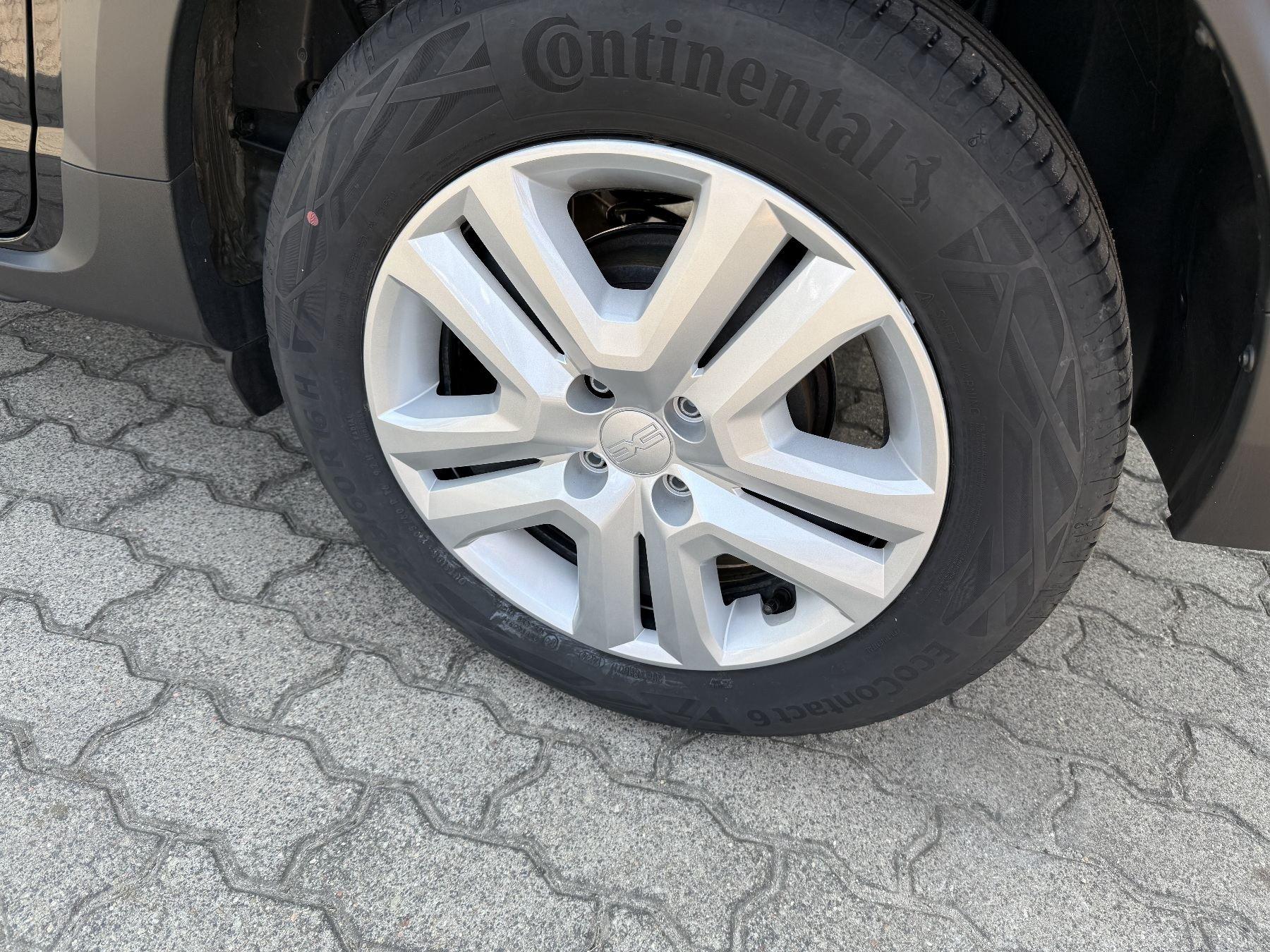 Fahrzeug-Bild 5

---

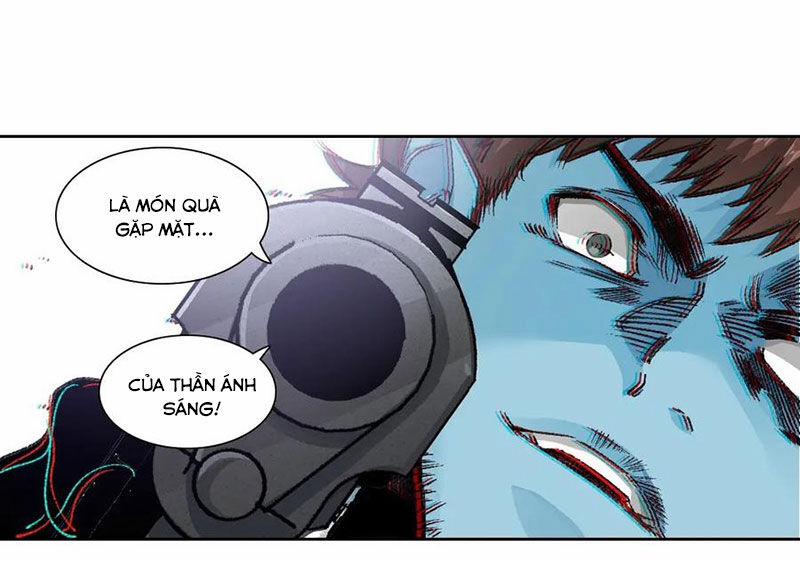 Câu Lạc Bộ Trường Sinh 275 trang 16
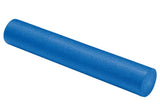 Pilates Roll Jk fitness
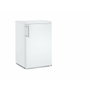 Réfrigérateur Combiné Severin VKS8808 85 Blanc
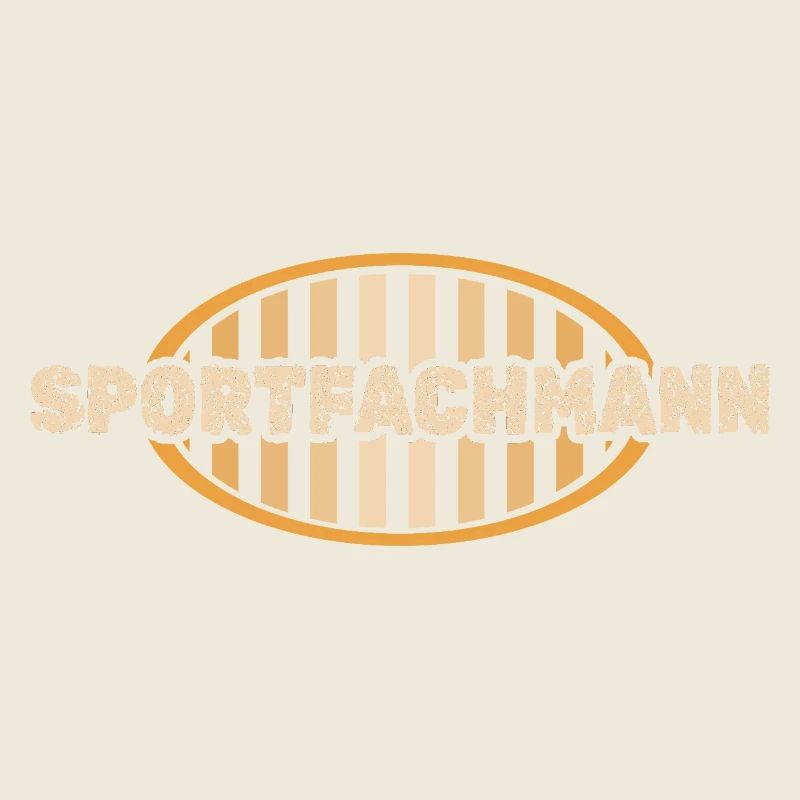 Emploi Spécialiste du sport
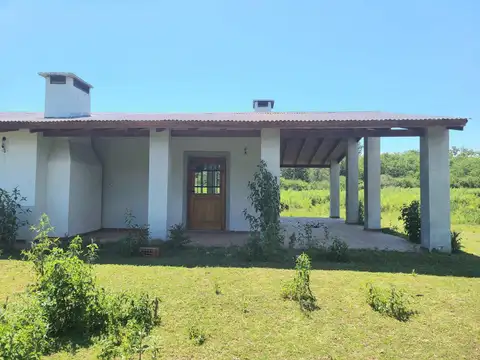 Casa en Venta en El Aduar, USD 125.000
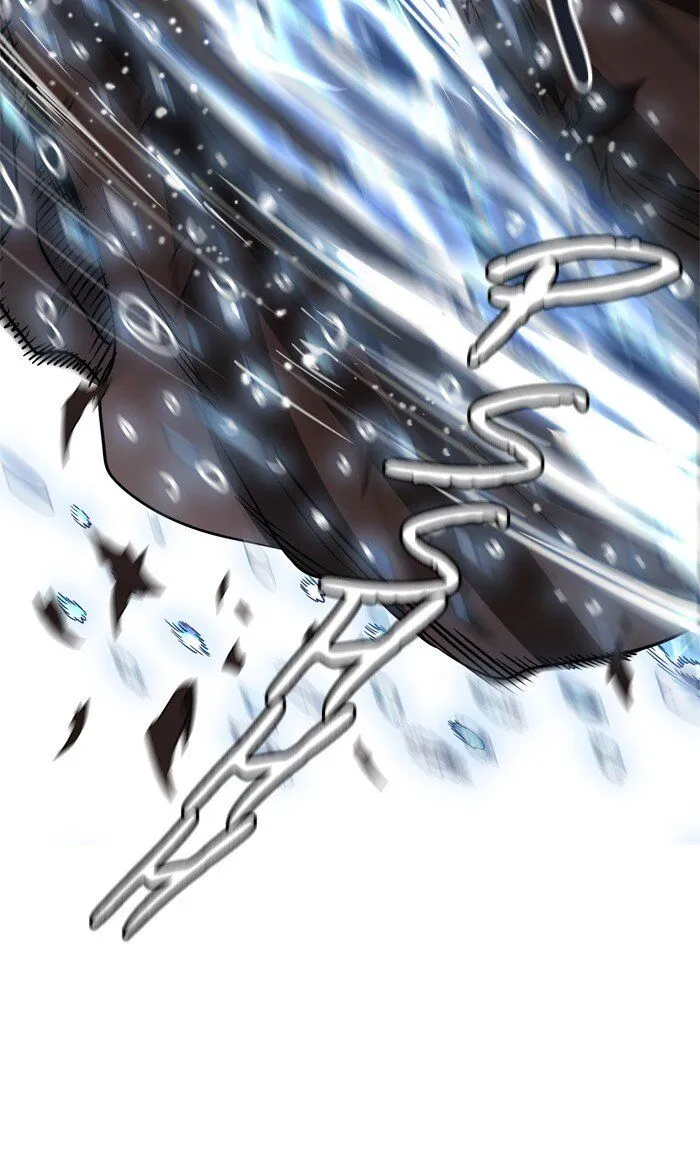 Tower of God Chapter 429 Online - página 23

---

■ **WHAT THIS TASK INVOLVES**
Nothing except the lines from the one containing "Câu Lạc Bộ Trường Sinh 275 trang 16" through the one containing "Tower of God Chapter 429 Online - página 23" should appear in the answer, exactly as above and without pictures.

■ **RESPONSE**
 Câu Lạc Bộ Trường Sinh 275 trang 16
 Pilates Roll Jk fitness
 Réfrigérateur Combiné Severin VKS8808 85 Blanc
 Emploi Spécialiste du sport
 Casa en Venta en El Aduar, USD 125.000
 Tower of God Chapter 429 Online - página 23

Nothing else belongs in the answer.